Clin Res Cardiol (2023). https://doi.org/10.1007/s00392-023-02180-w

Interventional PFO closure- long term results of a large PFO single center registry
S. Möbius-Winkler1, B. Schulte-Huermann1, A. Hamadanchi1, G. Dannberg1, I. Dähnert2, H.-R. Figulla1, C. Schulze1, M. Franz1
1Klinik für Innere Medizin I - Kardiologie, Universitätsklinikum Jena, Jena; 2Klinik für Kinderkardiologie, Herzzentrum Leipzig - Universität Leipzig, Leipzig;

Introduction: Closure of a PFO is recommended in patients less than 65 years with cryptogenic stroke and high- risk PFO. A variety of closure devices have been introduced are but real world data on long- term efficacy are rare.  

Aim of the current study was to evaluate the short-and long term effects of interventional PFO closure in a large single center cohort. 

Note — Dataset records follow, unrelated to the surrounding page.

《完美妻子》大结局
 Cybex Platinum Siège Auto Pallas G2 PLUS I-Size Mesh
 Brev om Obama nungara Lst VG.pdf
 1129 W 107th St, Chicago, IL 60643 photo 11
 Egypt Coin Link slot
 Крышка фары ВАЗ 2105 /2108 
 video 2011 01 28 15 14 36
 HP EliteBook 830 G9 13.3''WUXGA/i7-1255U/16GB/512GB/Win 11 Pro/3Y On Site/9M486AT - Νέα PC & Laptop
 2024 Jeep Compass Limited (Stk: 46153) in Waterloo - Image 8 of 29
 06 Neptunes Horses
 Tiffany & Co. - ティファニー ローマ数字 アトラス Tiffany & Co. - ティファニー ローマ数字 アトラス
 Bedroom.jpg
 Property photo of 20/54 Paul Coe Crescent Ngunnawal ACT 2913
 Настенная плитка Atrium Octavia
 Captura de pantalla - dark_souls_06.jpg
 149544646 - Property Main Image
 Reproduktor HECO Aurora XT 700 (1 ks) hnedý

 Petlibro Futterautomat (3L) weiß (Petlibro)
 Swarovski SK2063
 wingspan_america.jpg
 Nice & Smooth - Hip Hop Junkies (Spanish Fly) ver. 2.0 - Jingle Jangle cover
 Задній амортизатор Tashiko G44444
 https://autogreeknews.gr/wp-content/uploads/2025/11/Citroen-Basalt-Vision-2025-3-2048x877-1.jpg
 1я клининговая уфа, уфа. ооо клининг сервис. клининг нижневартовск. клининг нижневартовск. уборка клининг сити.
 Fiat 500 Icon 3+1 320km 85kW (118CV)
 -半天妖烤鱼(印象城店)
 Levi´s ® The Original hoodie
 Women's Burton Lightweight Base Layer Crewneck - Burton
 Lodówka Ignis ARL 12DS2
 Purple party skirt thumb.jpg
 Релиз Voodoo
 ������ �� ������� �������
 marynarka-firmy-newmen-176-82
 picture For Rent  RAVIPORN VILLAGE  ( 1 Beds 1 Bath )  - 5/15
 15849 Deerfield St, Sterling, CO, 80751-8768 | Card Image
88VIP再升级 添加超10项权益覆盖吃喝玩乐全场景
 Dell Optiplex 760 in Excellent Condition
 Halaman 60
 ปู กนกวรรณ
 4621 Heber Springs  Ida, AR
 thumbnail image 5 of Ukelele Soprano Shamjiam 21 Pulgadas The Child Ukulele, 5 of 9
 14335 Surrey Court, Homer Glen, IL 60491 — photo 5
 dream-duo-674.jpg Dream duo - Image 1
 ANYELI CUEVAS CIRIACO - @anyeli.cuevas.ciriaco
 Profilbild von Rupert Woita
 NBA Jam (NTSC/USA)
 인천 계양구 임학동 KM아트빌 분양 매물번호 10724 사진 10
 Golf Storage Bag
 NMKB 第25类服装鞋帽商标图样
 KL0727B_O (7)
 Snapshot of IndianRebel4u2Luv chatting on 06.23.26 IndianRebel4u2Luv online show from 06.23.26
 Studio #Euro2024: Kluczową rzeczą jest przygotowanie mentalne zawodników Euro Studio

Results: Between 2003 and 2021, 368 patients were treated with a PFO closure device due to previous stroke (n= 339) or migraine (n= 162) by using a Occlutech device (n= 231), Amplatzer device (n= 73) or other devices (n=64). The majority of patients presented high risk PFO 69.9 % with atrial septal aneurysm, 78.5% a positive bubble test, 56.3% showed a detectable L-R shunt. Implantation was done by transoesophageal echocardiography (TOE) guidance in 41.8% of cases, and in 56.8% of the cases by fluoroscopy guidance only.Patients had a mean age of 53.1±13.5 (18-84) years, 51.9 % were male.Mean fluoroscopy time was 9.13±6.9 min, radiation dose was 8901±143128 cGy*cm² and mean amount of contrast dye used (n=295 of 368 (77.6%) pts) was 34.8±35.3 ml. The overall complication rate until discharge was 3.1 %. There were 2 air embolism, 2 device embolization, 2 relevant bleedings, 6 new episodes of atrial fibrillation/flutter. There was no stroke / TIA, no pericardial effusion or need for pericardiocentesis.
Mean time of last contact after PFO closure was 74.3+66.6 month for 366 of 368 patients. Two patients were lost to follow up.
Long term follow up was available in 155 of 368 patients (41.2%) with a mean follow up time of 112.4+65.6 month.
12 patients (3.3%) died during follow-up (4 cardiovascular deaths, 4 new strokes (1.1%) and 6 patients with pulmonary emboli (1.6%) and 9 deep venous thromboses (2.4%)).
Age >65 years was associated with significant increased mortality (p= 0.002) within the Kaplan – Meier analysis.  

 

Conclusion:
In a large single center registry study of patients after interventional PFO closure, we are able to show very low rates on periinterventional complications and, within a long term follow up period of 9.6 years in mean, very low rates of mortality, new strokes or thromboembolic complications.